Media memories of sexual assault and the lifestyle of toxic masculinity at elite boarding colleges have grown to be so ordinary that no person is amazed while every other emerges. Such testimonies involve faculties like Saint Paul’s, Milton Academy, and Justice Brett Kavanaugh’s now-infamous alma mater Georgetown Prep, all conventional boarding faculties with preppy dress codes, honor codes, an emphasis on orthodox teachers and sports activities, and serene campuses whose brick homes and tidy lawns propose records and culture. But sexual assault also occurs at elite progressive faculties that don’t suit these stereotypes.
I speak from private revel in. In the mid-1980s, I was sexually assaulted at the Putney School in Vermont, a well-known modern college in both the pedagogical and the political sense of the word. Founded in the 1930s using Carmelita Hinton, a women’s rights endorse and pioneering social reformer, Putney makes excessive-minded claims about teaching students about political duty and democracy and shuns conventionality and competition. The school treats manual hard work, the arts, and conventional instructional topics equally and boasts an operating animal farm, which college students help run.
We wielded axes on the “woods team,” washed loads of dishes on the “dish team,” and on “carrot day,” cheerfully harvested the orange roots from the faculty’s vegetable plots. Courses ranged from “peace studies” to printmaking, and every Friday night time, college students attended a compulsory all-faculty sing-along. No dress codes or grades existed, and a decidedly countercultural ecosystem prevailed.
Putney has well-known and wealthy alumni like other elite boarding schools, but they’re more likely to be artists or writers than legal professionals or financiers.
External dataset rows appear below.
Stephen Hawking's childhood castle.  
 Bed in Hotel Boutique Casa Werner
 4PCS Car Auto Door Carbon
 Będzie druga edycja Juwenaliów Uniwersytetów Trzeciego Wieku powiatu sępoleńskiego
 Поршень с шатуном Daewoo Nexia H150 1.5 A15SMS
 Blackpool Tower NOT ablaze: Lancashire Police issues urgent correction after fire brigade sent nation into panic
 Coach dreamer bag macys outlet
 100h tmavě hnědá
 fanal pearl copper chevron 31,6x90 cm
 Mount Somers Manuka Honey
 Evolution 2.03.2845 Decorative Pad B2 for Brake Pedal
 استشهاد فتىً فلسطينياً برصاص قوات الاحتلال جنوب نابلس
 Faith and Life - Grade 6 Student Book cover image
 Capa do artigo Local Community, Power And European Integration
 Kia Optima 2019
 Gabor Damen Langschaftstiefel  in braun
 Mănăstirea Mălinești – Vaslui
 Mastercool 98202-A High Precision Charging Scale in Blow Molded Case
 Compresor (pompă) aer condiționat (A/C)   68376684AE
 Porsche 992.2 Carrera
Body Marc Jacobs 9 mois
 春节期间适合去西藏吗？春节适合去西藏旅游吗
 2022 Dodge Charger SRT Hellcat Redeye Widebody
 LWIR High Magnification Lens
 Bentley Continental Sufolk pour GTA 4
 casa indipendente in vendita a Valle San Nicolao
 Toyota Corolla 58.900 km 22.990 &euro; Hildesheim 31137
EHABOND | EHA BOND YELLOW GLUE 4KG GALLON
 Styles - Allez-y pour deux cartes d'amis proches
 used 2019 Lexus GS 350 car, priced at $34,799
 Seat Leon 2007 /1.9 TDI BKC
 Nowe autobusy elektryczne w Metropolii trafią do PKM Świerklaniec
Actor Téa Leoni, tech entrepreneur Reid Hoffman, filmmaker Errol Morris, playwright Wallace Shawn, and musician Harper Simon (son of Paul Simon) went to Putney. My Southern history left me ill-prepared to navigate these lefty elite surroundings. I said, “Y’all” wore preppy garments and were into bands like Duran Duran. A specific set of tastes had forex at Putney: children embraced The Grateful Dead, The Velvet Underground, and punk rock groups like Black Flag. They wore opportunity forms of the dress I couldn’t pull off without a dresser makeover and used drugs with ease, which terrified me.
Lacking the proper cultural capital had severe social consequences at Putney. I became frequently bullied, and my few friendships felt tenuous. But there was one form of money I did have: sexual money. I was quiet and was given a lot of interest from boys. Any dim since I had that wielding this electricity might come at a rate did not prevent me from doing so. This largely meant responding to the sexual cues of older, famous boys, my affiliation with whom I vaguely hoped would possibly enhance my bleak social reputation, especially if I could land any of them as boyfriends (I didn’t).
But sexual capital alone couldn’t make up for the entirety else I lacked, and I quickly gained popularity, which most effectively intensified the bullying I skilled, particularly from girls, who understood the danger that my triumphing attention from “cool” boys posed to their very own positions within the normal pecking order. At high quality, I had too many complicated and simply plain awful sexual encounters. At worst, boys ruthlessly centered me for sexual conquest.
In one specifically memorable incident, a famous senior boy cornered me alone in the dining hall basement, where I had long gone to use one of the school’s few pay phones. This boy, 17 or 18 years old to my 14, began pressuring me to have intercourse with him. I refused. However, he persevered, complimenting mine, professing his dreams, and masterfully laying at the charm. Eventually, feeling worn down and not understanding what else to do, I gave up and schlepped with him throughout campus to his dorm room. We had sex. I don’t take into account hating it or feeling plenty of anything — simply numbness. In any case, I have to have subconsciously reasoned that he became pleasant enough and good-looking, which changed into higher than being bullied.
In the long term, Putney’s reputation as a well-known modern faculty became an obstacle to my making feel of this incident and the ruthless teenage tradition surrounding it. Bullying, gender extremes, and sexual predation seemed wholly at odds with the emphasis on social justice and “changing the world,” I wasn’t the most effective person who killed them, as I witnessed then and in interviews with college students from my generation that I’ve conducted have shown.
What became happening?
To make certain, the 1980s were a crisis for Putney, whose administrators had allowed their notion of scholar independence and self-course to move to some distance, resulting in “Lord of the Flies” surroundings. At instances, it felt as though my struggling became surely because of my incapacity to handle such a loose, i.e., “revolutionary” kind of location. But many years later, as I commenced trying to make the experience of my studies, I found out that the school’s chaotic conditions best amplified an extra-systemic hassle. Putney’s progressive ideas had been in a battle with its imperatives as an elite college.